Certamente: la creazione di uno spirito aziendale votato all’impegno, alla completa dedizione, all’aumento costante delle performance e all’esclusione di chi non è considerato all’altezza, può creare delle situazioni di mancata empatia (come le chiama Bezos nella sua risposta al NYT) e portare a comportamenti di fredda ingenerosità come quelli riportati dall’inchiesta della testata newyorkese. Si tratta tuttavia di imperfezioni, di corto circuiti e non è certo interesse di Amazon che questi episodi si moltiplichino. Come scrive Bezos “I don’t think any company adopting the approach portrayed (dal NYT) could survive, much less thrive, in today’s highly competitive tech hiring market”.

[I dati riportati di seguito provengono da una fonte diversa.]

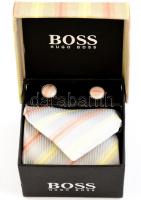Hugo Boss mandzsetta, zsebkendő, nyakkendő, eredeti dobozában
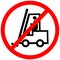 Forklift not allowed prohibition red circle road sign on white background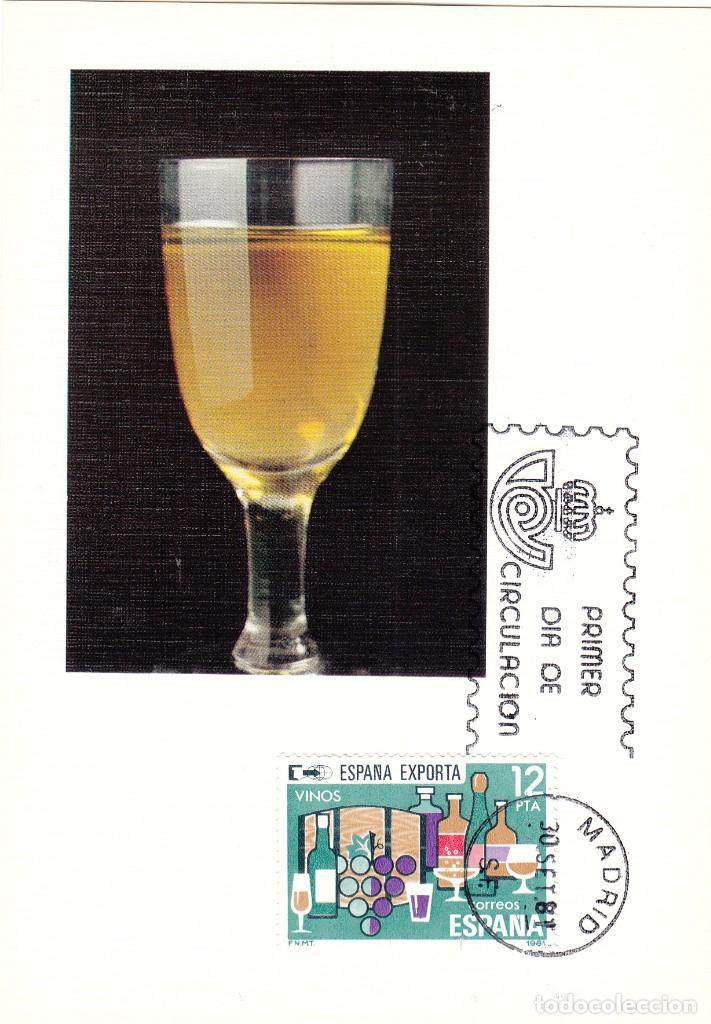Sellos: TARJETA POSTAL: 1981 MADRID. ESPA&Ntilde;A EXPORTA VINOS - Foto 1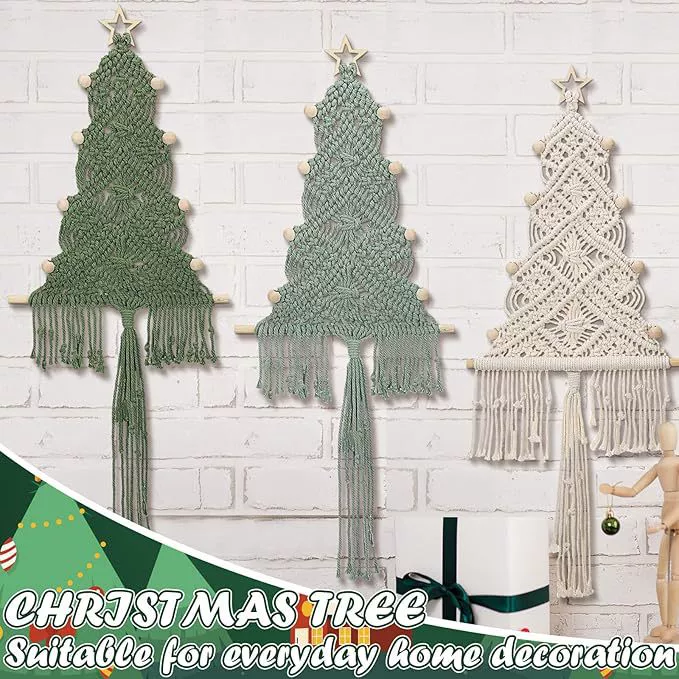 handmade cotton rope macramé Christmas tree wall hanging, tassel decoration, 26×15×2 cm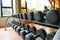 Closeup dumbbells in the gym can build muscle strength and good health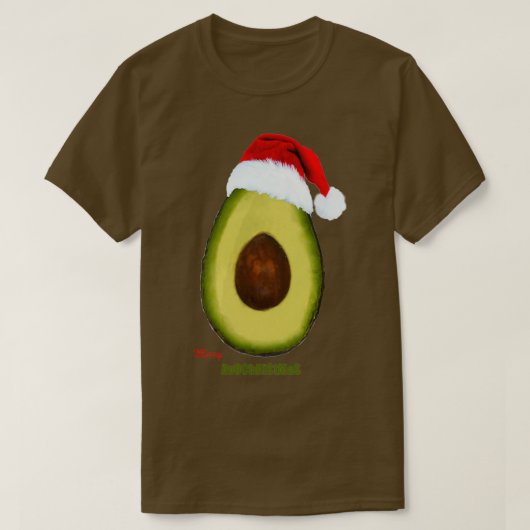 アボカドとメリークリスマスかわいいクリスマスアボカド Tシャツ (デザイン正面)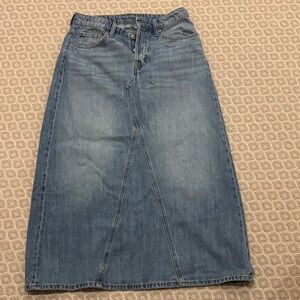 H&M Light Blue Denim Maxi Skirt with Front Panel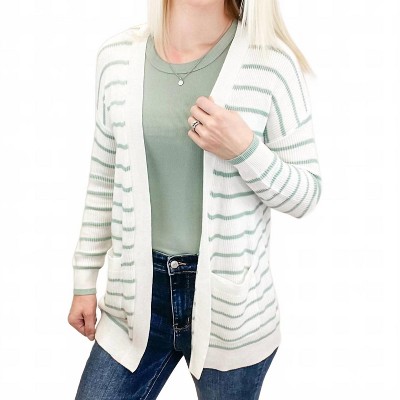 Women's Classic Striped Cardigan - Plus - be cool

Inoltre l’inchiesta sembra dimenticare che i cosiddetti white-collar (dirigenti e personale amministrativo) di Amazon sono personale altamente qualificato, ben pagato e con grande potere contrattuale (altro che servi). Non a caso, la maggior parte degli intervistati dal NYT ha lasciato Amazon per approdare ad altre grandi società. I dipendenti attuali, invece, sono molto motivati e sposano la filosofia dell’azienda. Il punto debole dell’inchiesta, a mio parere, sta nel non puntare l’attenzione sui blue-collar, i lavoratori non qualificati senza potere contrattuale.
Questo era stato l’interesse di altre due inchieste. Una del Morning Call pubblicata nel 2011 che riporta le condizioni di lavoro nei magazzini negli USA; ed un’altra, quella di Mac McClelland, un giornalista che ha lavorato in un magazzino di Amazon. Il ritratto che esce da queste due inchieste è deprimente: il ritmo di lavoro, le condizioni, le retribuzioni e gli orari sono quasi disumani. Quella dei “colletti blu” è la vera zavorra delle grandi compagnie USA, non solo di Amazon: sono trattatti in modi quasi disumani, non hanno opzioni lavorative, hanno zero potere economico.
Comunque sia, la storia di Amazon aiuta a capire che una compagnia impegnata a competere a livello mondiale e intenzionata a dare il miglior servizio possibile al cliente si trova nella situazione di non poter promuovere per i suoi dipendenti un virtuoso equilibrio tra lavoro e vita. Chi decide di lavorare in società del genere è consapevole di questo. Come scrive Courtney Hartman, una dipendente Amazon, “sono sorpresa di vedere che qualcuno non aveva idea di cosa stava accettando firmando (un contratto con Amazon). Per me è stato sempre chiaro”.
Dall’Italia, dal Corriere, tutto questo viene letto come tenatativo di trasformare i dipendenti in servi. In realtà si tratta di coltivare il prorio capitale umano sulla base della competizione e del merito. Robin Andrulevich, un ex dirigente, dice che senza questo lavoro Amazon “non avrebbero mai potuto ottenere ciò che ha raggiunto”. Un altro mondo. I figli di papà non possono capire. Loro lo chiamano sfruttamento.